A Igreja tem sido uma das poucas instituições que se tem oposto ao Presidente, levando a uma situação de conflito aberto entre Duterte e os bispos. Parte do problema, explica o arcebispo John Du, é cultural. “O Presidente diz o que quer e por vezes usa linguagem muito ordinária. Ele é natural de Dabao, no sul, e lá as pessoas são muito informais, dizem as coisas de forma muito directa, por vezes com palavrões, mas são apenas expressões”.

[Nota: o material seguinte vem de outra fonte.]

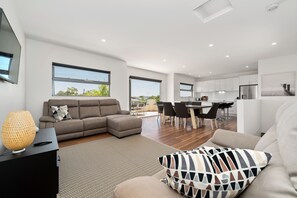 Living area - Rosewater Dromana (Dromana)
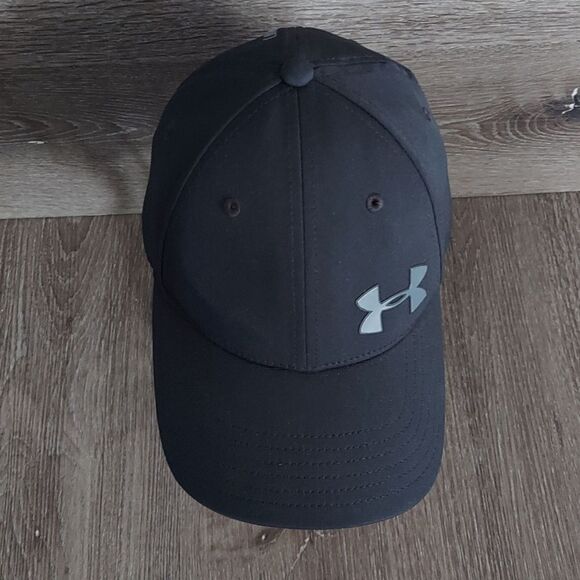 Under Armour Black Clasic Fit Fitted Hat S/M - Picture 2 of 6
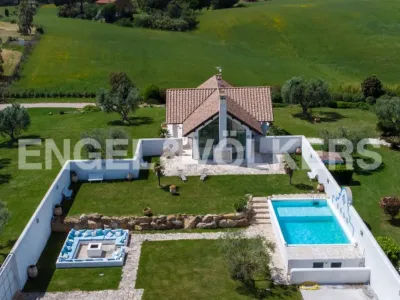 Villa Satılır 01014 Montalto di Castro (VT) IT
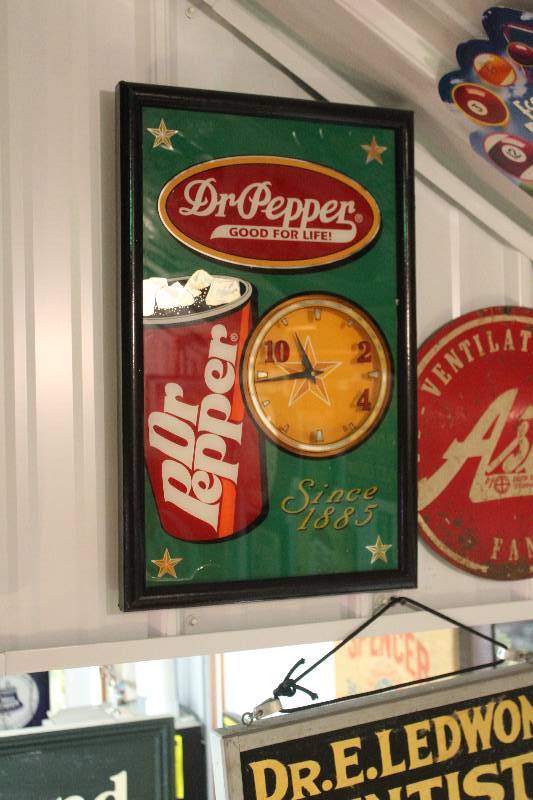 lot 249 image: Dr. Pepper Wall Clock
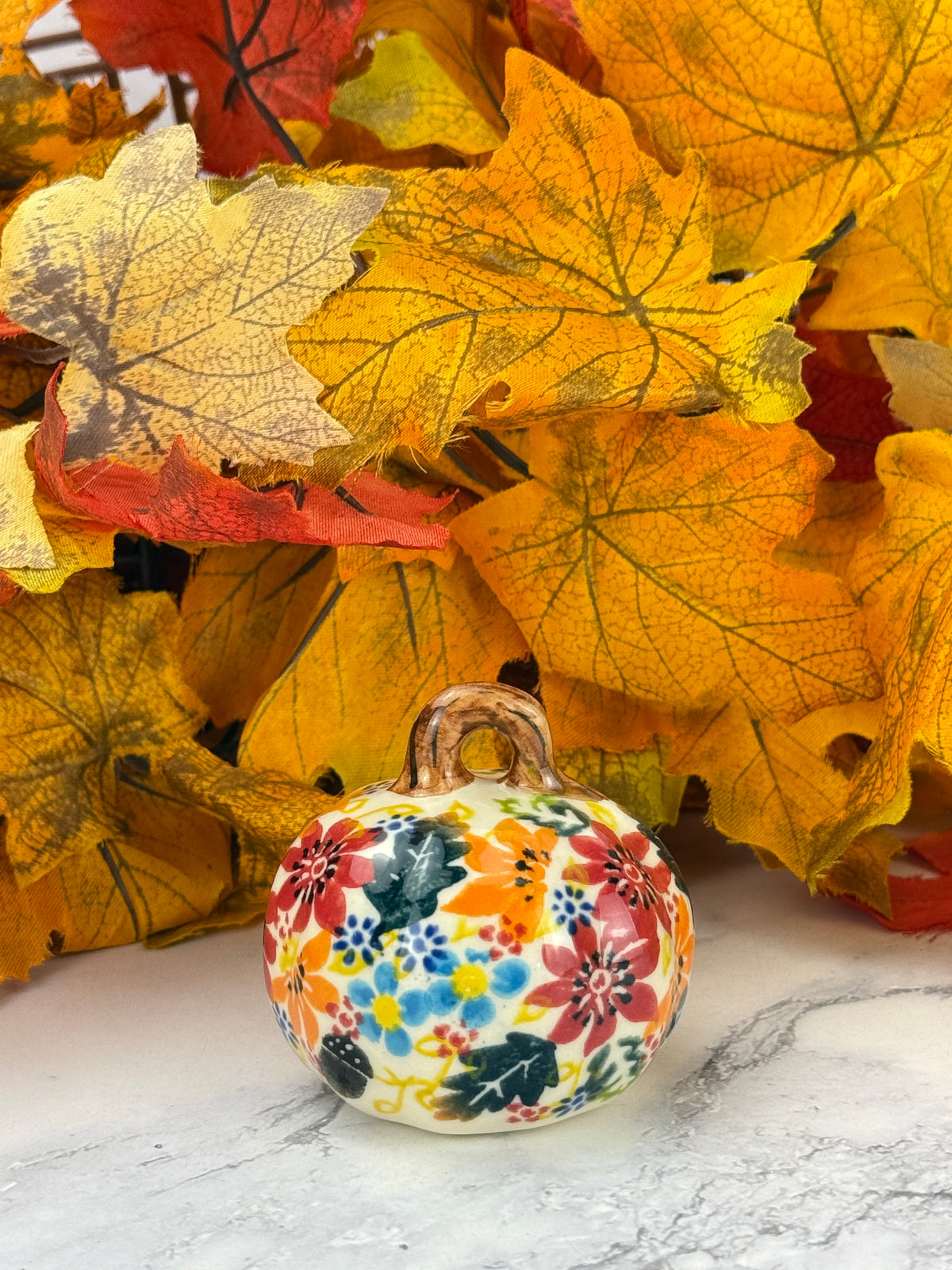 Vena Mini Pumpkin - Floral Acorn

Para tentar fomentar o diálogo com Duterte a conferência episcopal elegeu como presidente dos bispos precisamente um homem que é também de Dabao. Mas claramente o problema não se resume a uma questão de linguagem. “Não podemos aceitar a forma como o Presidente tem lidado com o problema da droga. Ele é muito reactivo, diz imediatamente que a solução é matar, mas claro que isto vai contra os nossos princípios. Temos de dar às pessoas uma possibilidade de se reformarem, de mudar.”
Inocentes estão a ser
mortos
Inevitavelmente, diz o arcebispo John Du, numa lista de mortos que já ultrapassa os milhares existem muitos inocentes. “Duterte diz que consegue resolver o problema matando estas pessoas, mas mesmo que isso fosse verdade, não deixa de ser pecado, porque sabemos muito bem que a morte não é a solução. A morte leva a mais mortes. Até inocentes estão a ser mortos”.
Vários bispos já denunciaram publicamente a situação e o anterior presidente da Conferência Episcopal, Socrates Villegas disse mesmo estar disposto a dar a vida pela verdade. “Chegámos ao ponto em que já não me interessa o que me pode acontecer. Estou pronto a morrer. Uma parte de mim já morreu centenas de vezes, em cada uma das mortes a que assisti nestas últimas semanas. Que é mais uma morte para mim?... A barbárie não terá a última palavra. A razão prevalecerá. A humanidade vencerá”.
Agora, com a escolha de um novo presidente da Conferência Episcopal, a abordagem será outra, explica John Du, mas o propósito mantém-se. “Estamos a tentar dialogar, convencer Duterte de que esta não é a forma de resolver o problema. Mas acreditamos que este problema, as ordens para matar, não pode ser resolvido através de linguagem conflituosa, deve ser de forma amigável, através do diálogo”, diz.
Num país de esmagadora maioria católica, porém, Duterte continua a ter o apoio das massas. O arcebispo diz que isso se explica porque as pessoas estão saturadas. “O problema existe há tanto tempo e as pessoas, sobretudo os empresários, querem resolvê-lo o mais rapidamente possível.”
Reconstrução integral
O arcebispo John Du esteve em Portugal a convite da fundação Ajuda à Igreja que Sofre (AIS), para participar na peregrinação internacional daquela organização a Fátima, por ocasião do centésimo aniversário das aparições.
A AIS tem desempenhado um papel importante naquele país, com o arcebispo de Palo a destacar a ajuda à reconstrução na sequência do tufão Haiyan, que assolou o país em 2013 e atingiu de forma particular a sua diocese. “Eles estão lá para ajudar a todos, não só a Igreja, mas o nosso povo insiste que os primeiros restauros sejam para as igrejas. Quando se restaura uma igreja, segundo eles, não é apenas a igreja que está a ser restaurada, é também a fé que está a ser restaurada e isso fá-los sentirem-se completos e dá-lhes a força para seguirem em frente.”
“Esta reconstrução tem sido integral, não apenas material. Permite-nos avançar e estender os braços uns aos outros, para nos ajudarmos. E isso faz com que tudo aconteça mais depressa”, diz o arcebispo John Du.